(Scraped caption text data)
*-*-*
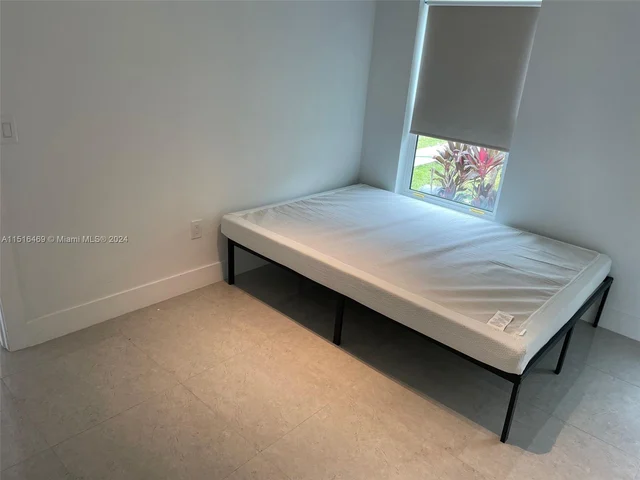 248 Carlisle Dr, Miami Springs FL 33166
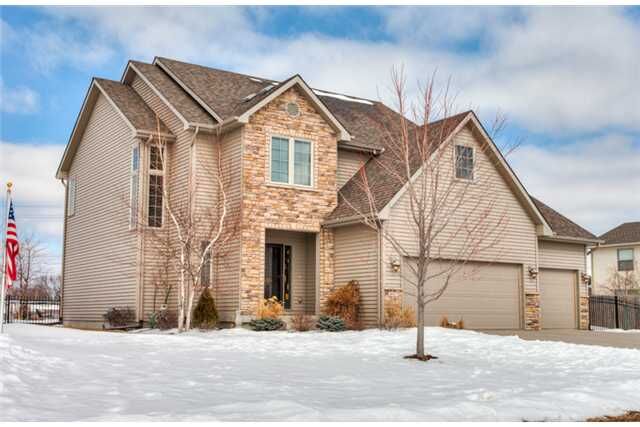 Property Photo:  317 Hawthorne Drive  IA 50211 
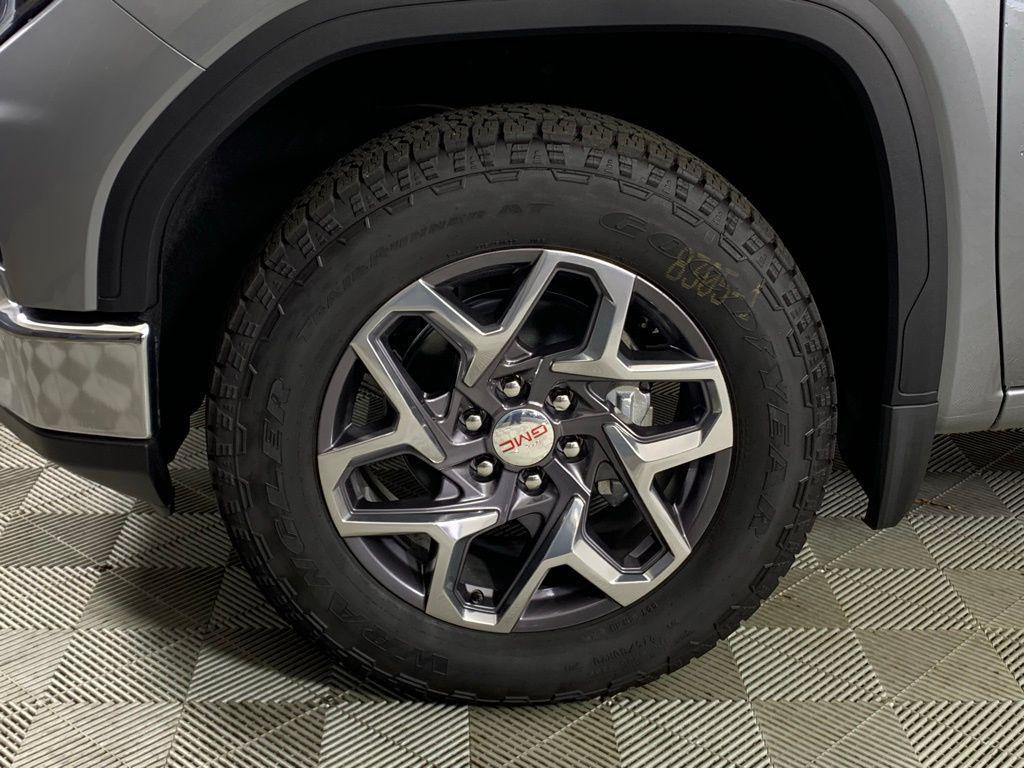 new 2026 GMC Sierra 1500 car, priced at $55,465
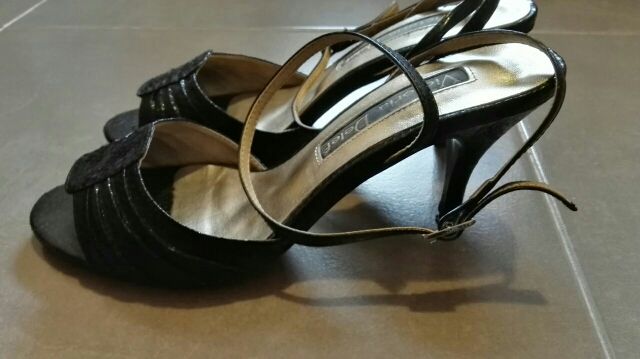 Sandalias negras Victoria Delef Talla 40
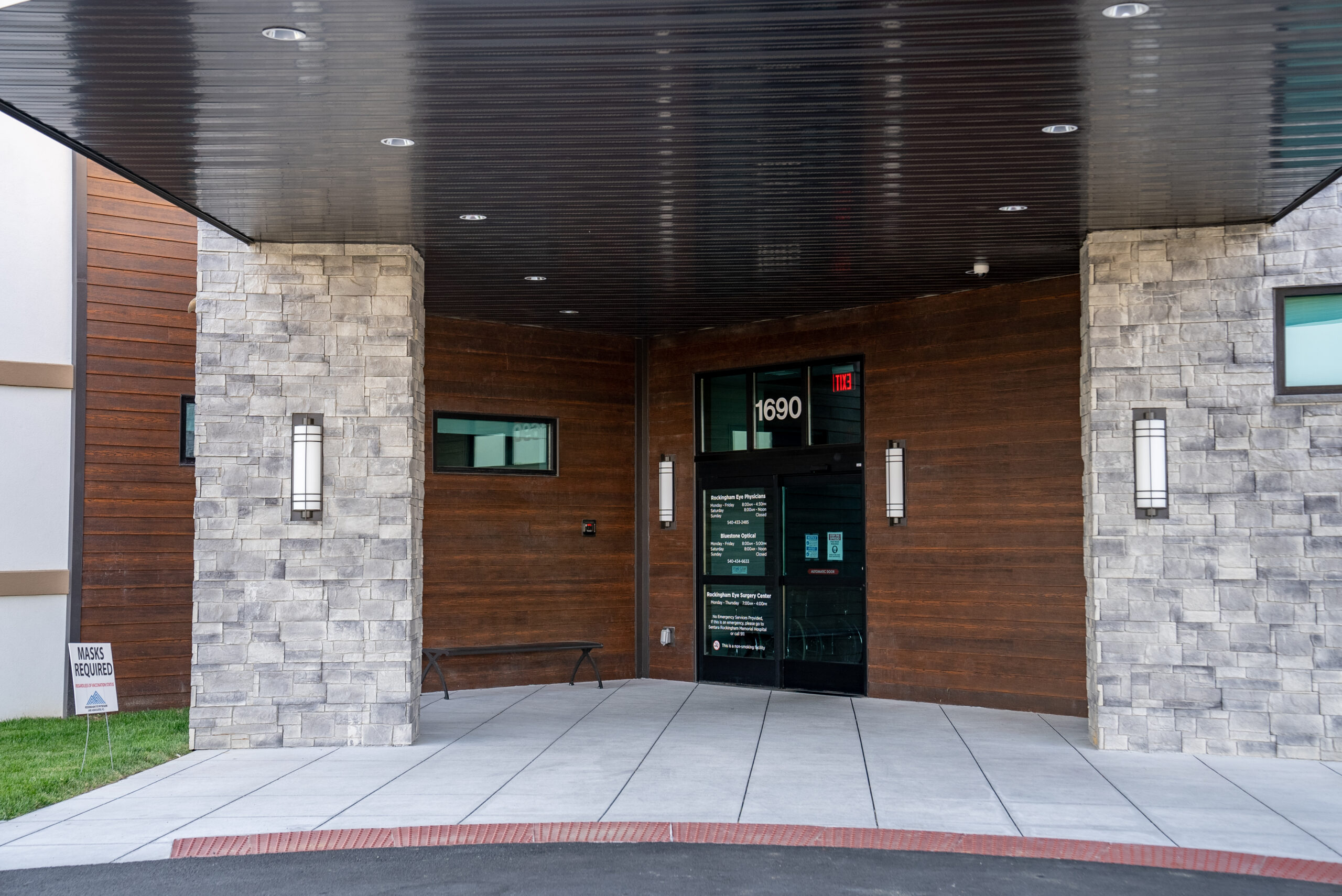 Rockingham-Eye-Physicians-Building-Exterior9_2022-06-06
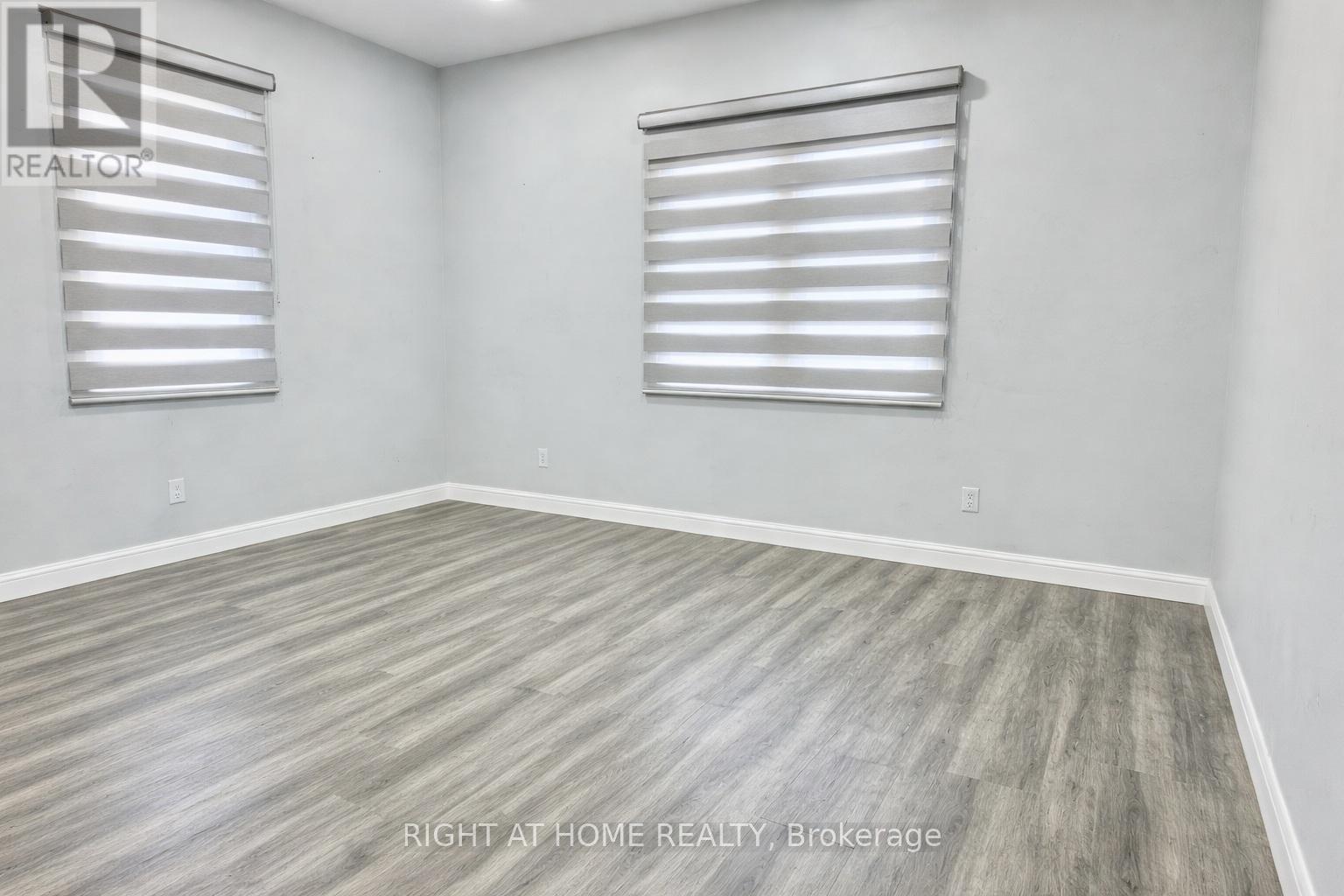 252 Robinson Street, Norfolk, Ontario  N3Y 1X5 - Photo 12 - X12958240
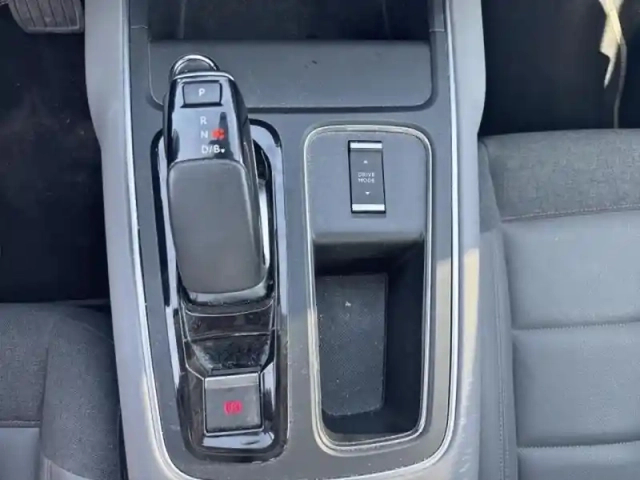 Citroën C5 Aircross hybrid 225ch shine e-eat8 — photo 10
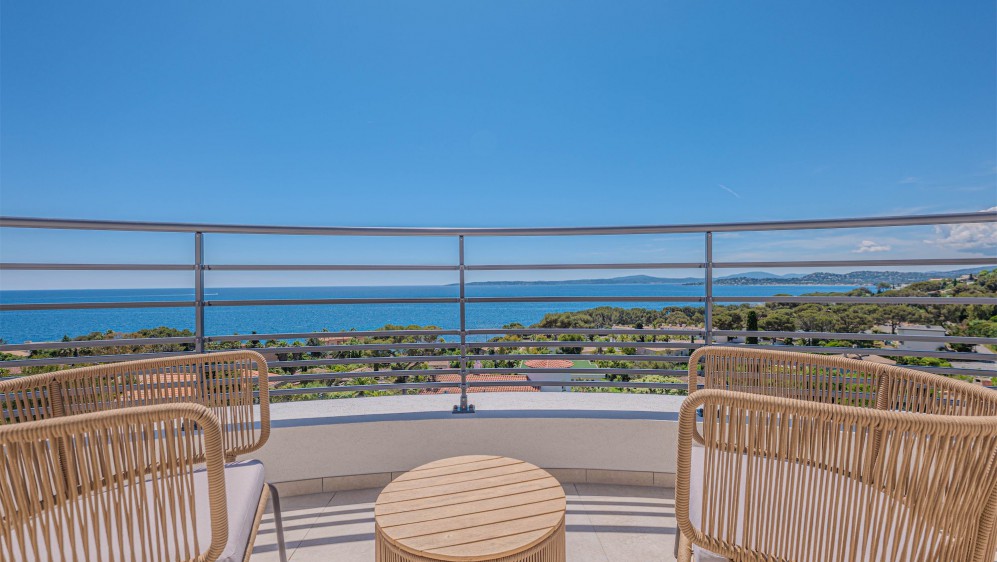 Stylish fully renovated modern villa with panoramic views over the Bay of Saint-Tropez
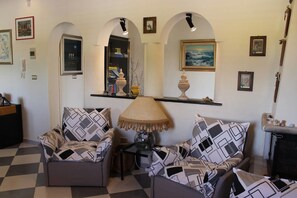 Apartment, 3 Bedrooms, 2 Bathrooms | Living room | TV - Villa Le Tre Marie (Syracuse)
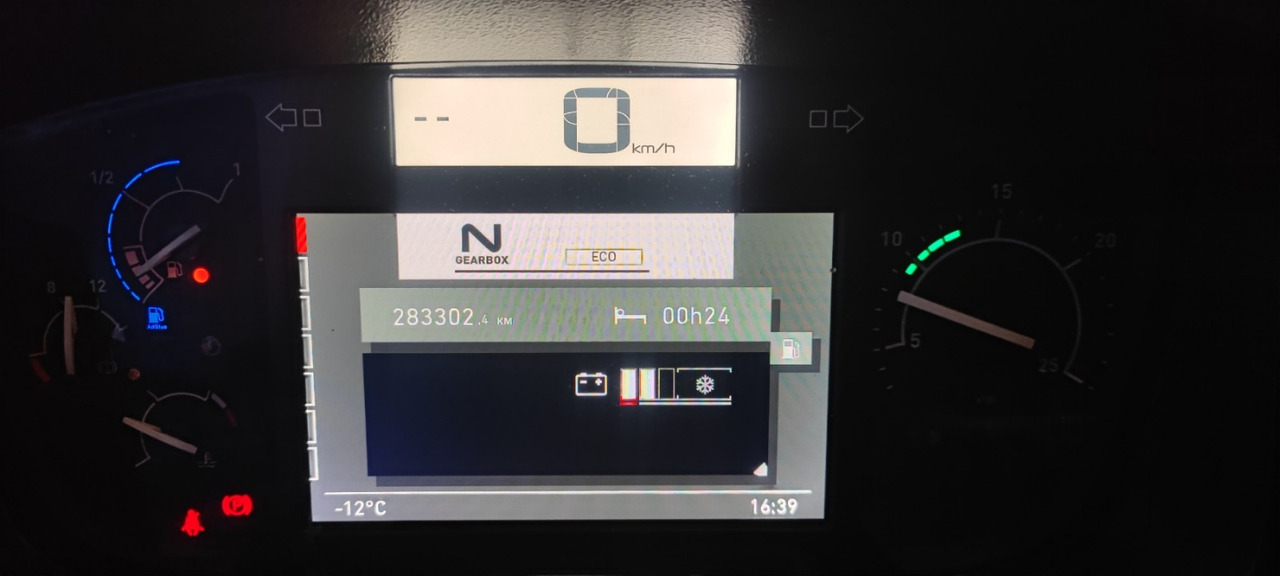 Renault T480 Euro 6 Turbo Compound leasing Renault T480 Euro 6 Turbo Compound: picture 6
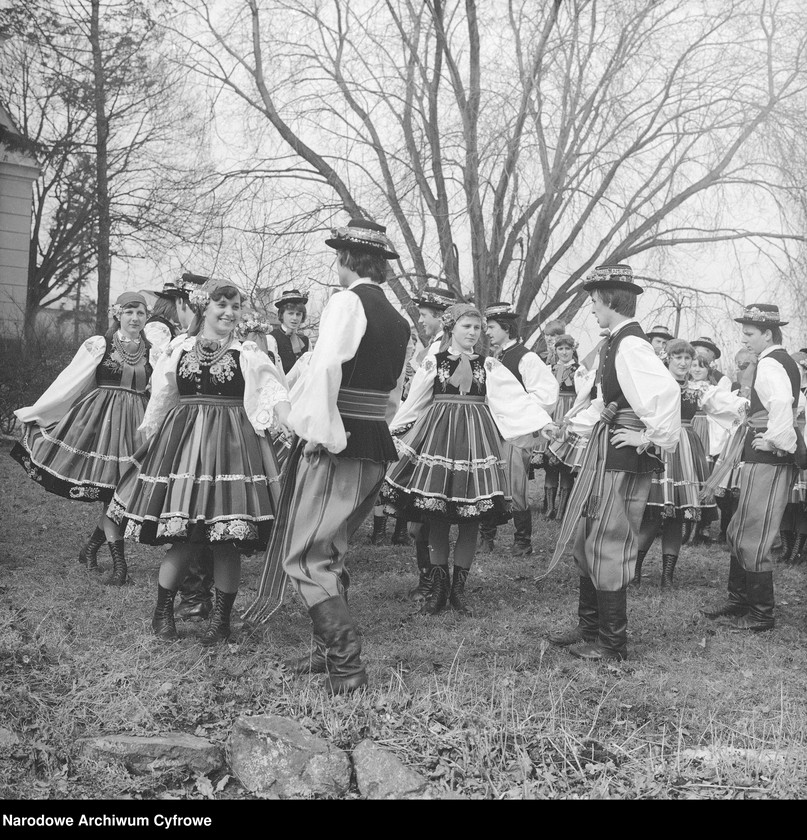 image.from.unit.number "Zespół Pieśni i Tańca "Blichowiacy" Szkoły Rolniczej w Łowiczu Blichu"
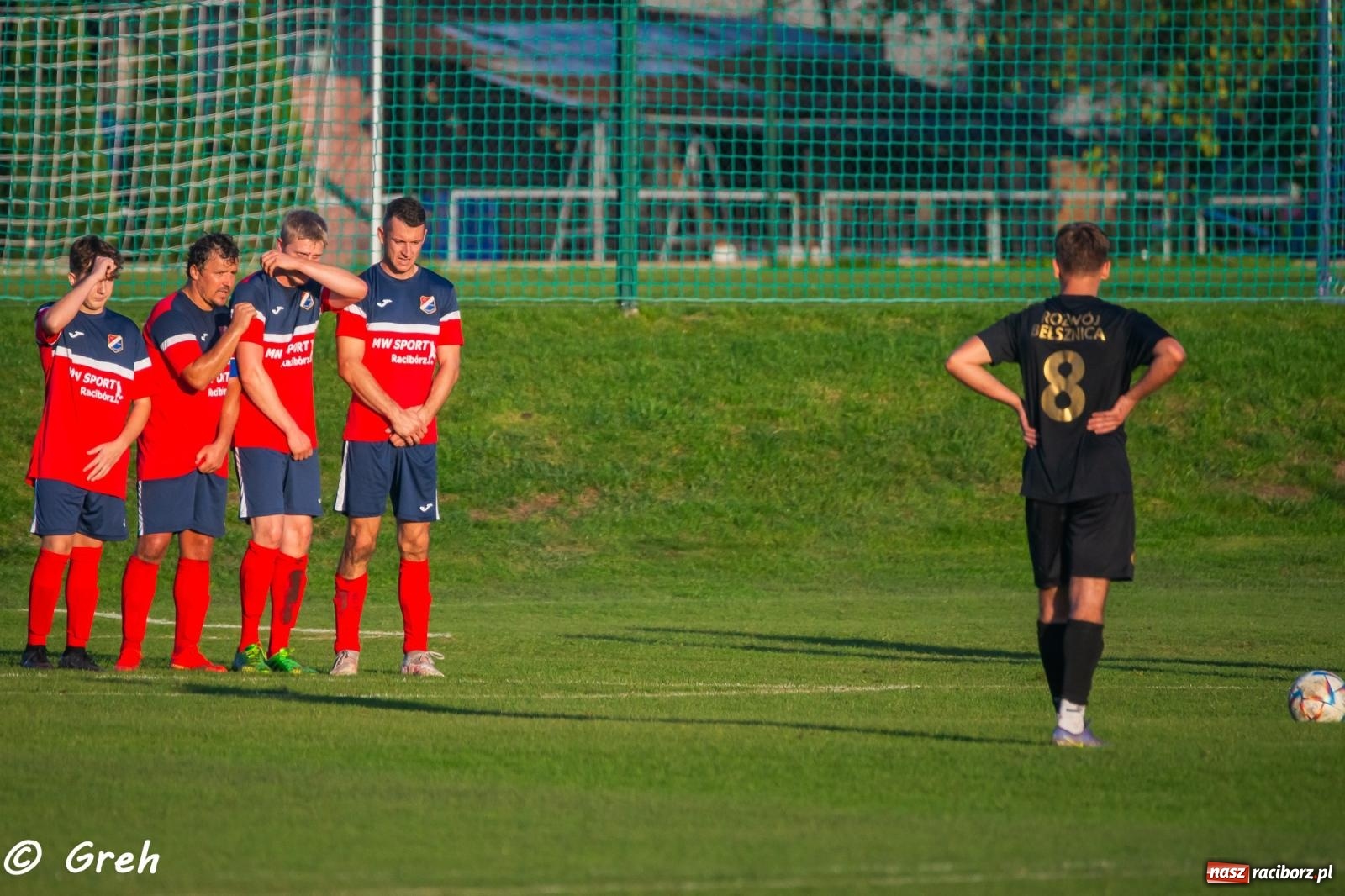 Zdjęcie w galerii na portalu naszraciborz.pl: Wyrównany bój Kolejarza i Rozwoju zakończony podziałem punktów [FOTO] wiadomości z regionu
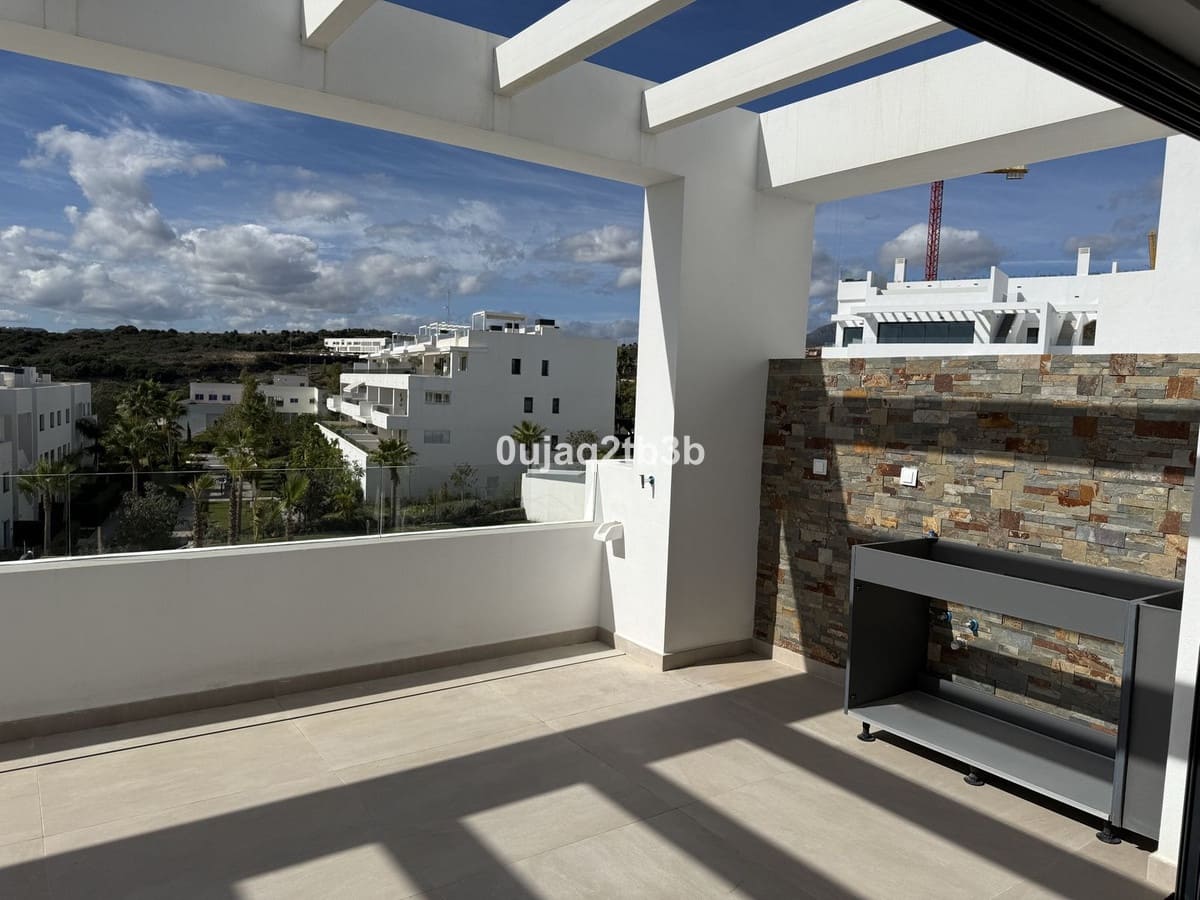 3 bedroom Penthouse for sale in Estepona with pool garage - € 1,175,000 (Ref: 9632793)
*-*-*
What to produce: Your task is to retype the lines running from the one that contains "Renault T480 Euro 6 Turbo Compound leasing" through the end of the records, and nothing else. Pictures are not part of the copy.

Result for this task:
 Renault T480 Euro 6 Turbo Compound leasing Renault T480 Euro 6 Turbo Compound: picture 6
 image.from.unit.number "Zespół Pieśni i Tańca "Blichowiacy" Szkoły Rolniczej w Łowiczu Blichu"
 Zdjęcie w galerii na portalu naszraciborz.pl: Wyrównany bój Kolejarza i Rozwoju zakończony podziałem punktów [FOTO] wiadomości z regionu
 3 bedroom Penthouse for sale in Estepona with pool garage - € 1,175,000 (Ref: 9632793)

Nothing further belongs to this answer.